[Record excerpts]:
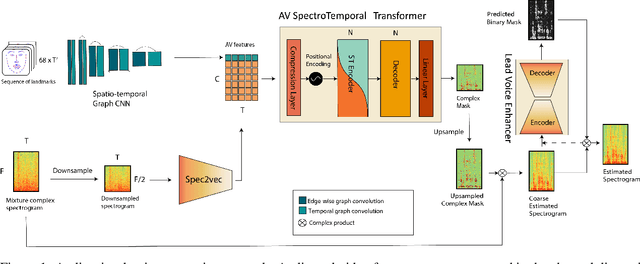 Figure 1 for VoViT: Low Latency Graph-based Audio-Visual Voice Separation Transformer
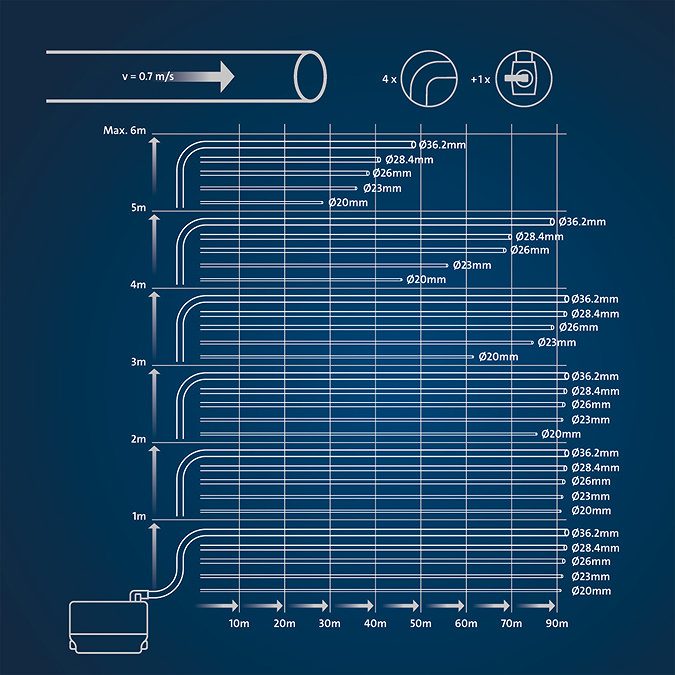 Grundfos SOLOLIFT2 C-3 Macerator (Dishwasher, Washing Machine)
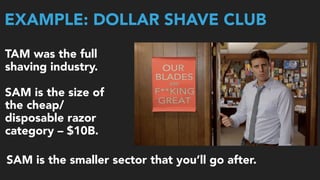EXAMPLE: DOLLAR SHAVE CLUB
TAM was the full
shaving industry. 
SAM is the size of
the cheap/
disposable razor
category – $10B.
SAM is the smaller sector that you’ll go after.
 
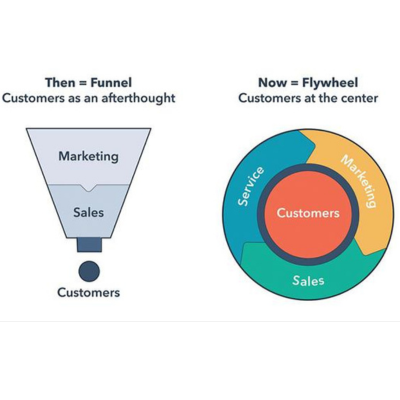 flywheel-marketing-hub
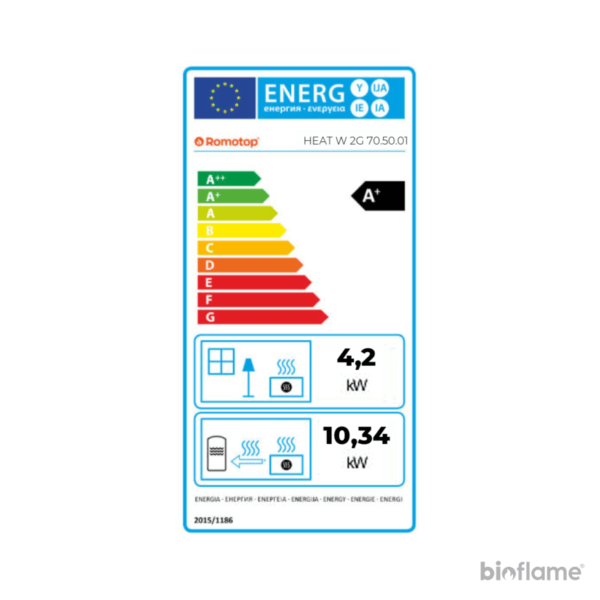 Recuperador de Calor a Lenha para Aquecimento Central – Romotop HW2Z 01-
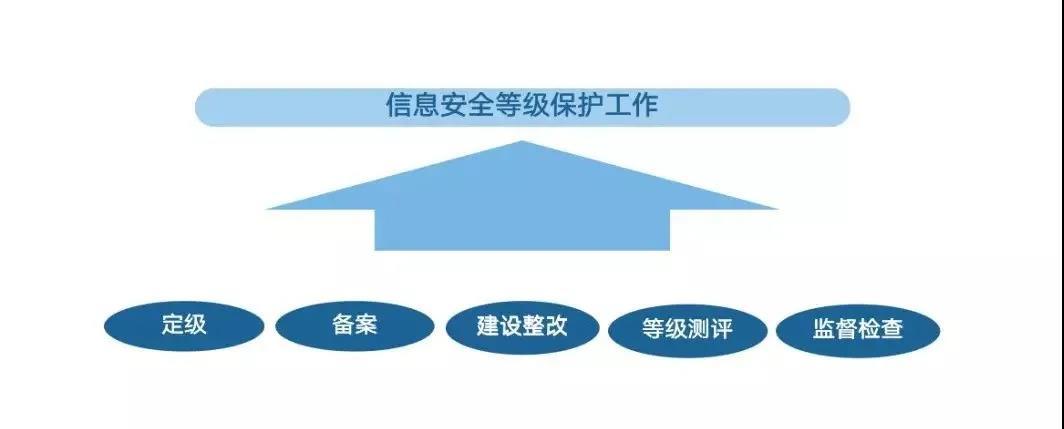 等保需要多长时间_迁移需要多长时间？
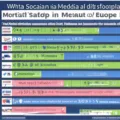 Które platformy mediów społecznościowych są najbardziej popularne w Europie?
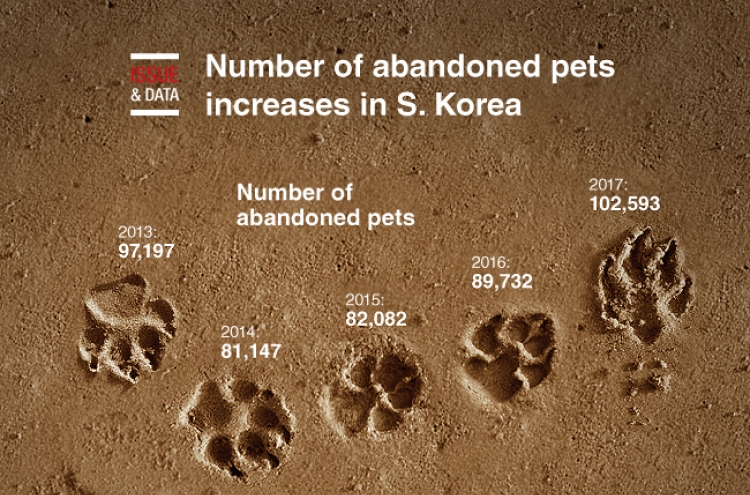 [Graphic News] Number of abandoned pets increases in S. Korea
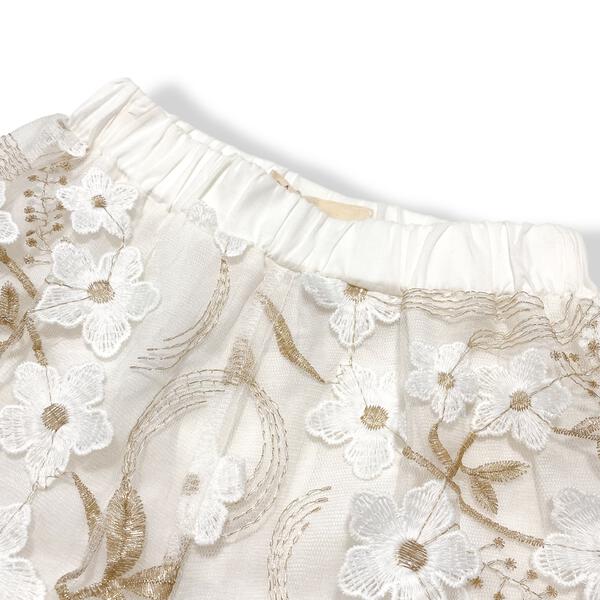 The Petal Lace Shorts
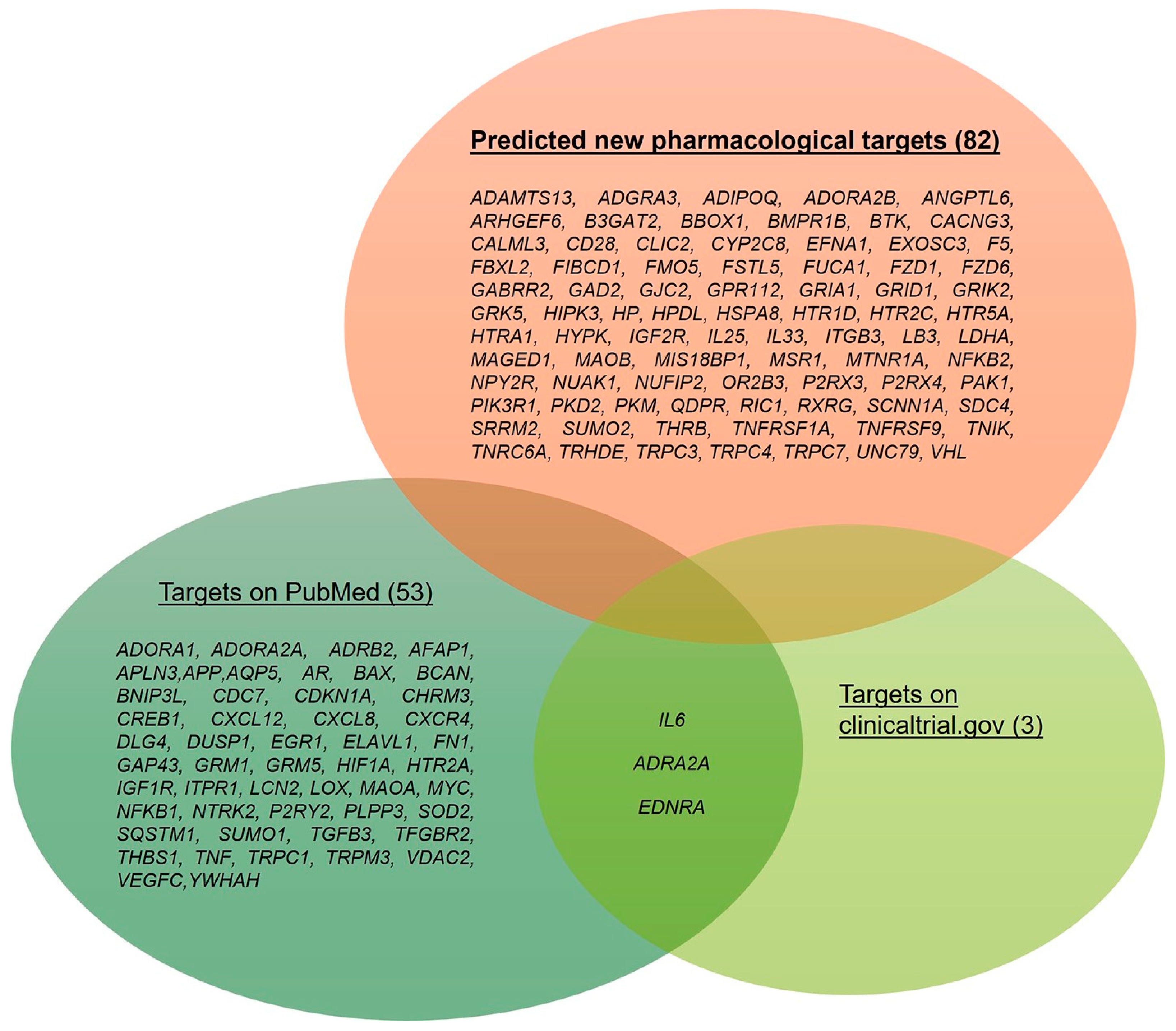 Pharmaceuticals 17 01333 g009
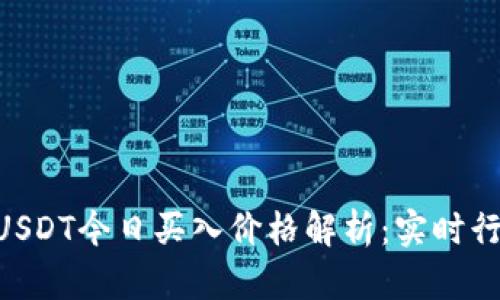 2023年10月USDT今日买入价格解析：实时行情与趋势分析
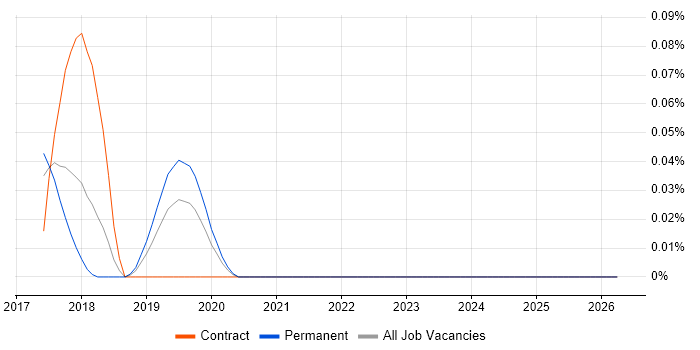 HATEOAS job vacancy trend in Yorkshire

[What is needed]:
Repeat word for word, and nothing more, the lines between the line containing "Recuperador de Calor" and the last line of the records above, inclusive, without pictures.

[Solution for this problem]:
 Recuperador de Calor a Lenha para Aquecimento Central – Romotop HW2Z 01-
 等保需要多长时间_迁移需要多长时间？
 Które platformy mediów społecznościowych są najbardziej popularne w Europie?
 [Graphic News] Number of abandoned pets increases in S. Korea
 The Petal Lace Shorts
 Pharmaceuticals 17 01333 g009
 2023年10月USDT今日买入价格解析：实时行情与趋势分析
 HATEOAS job vacancy trend in Yorkshire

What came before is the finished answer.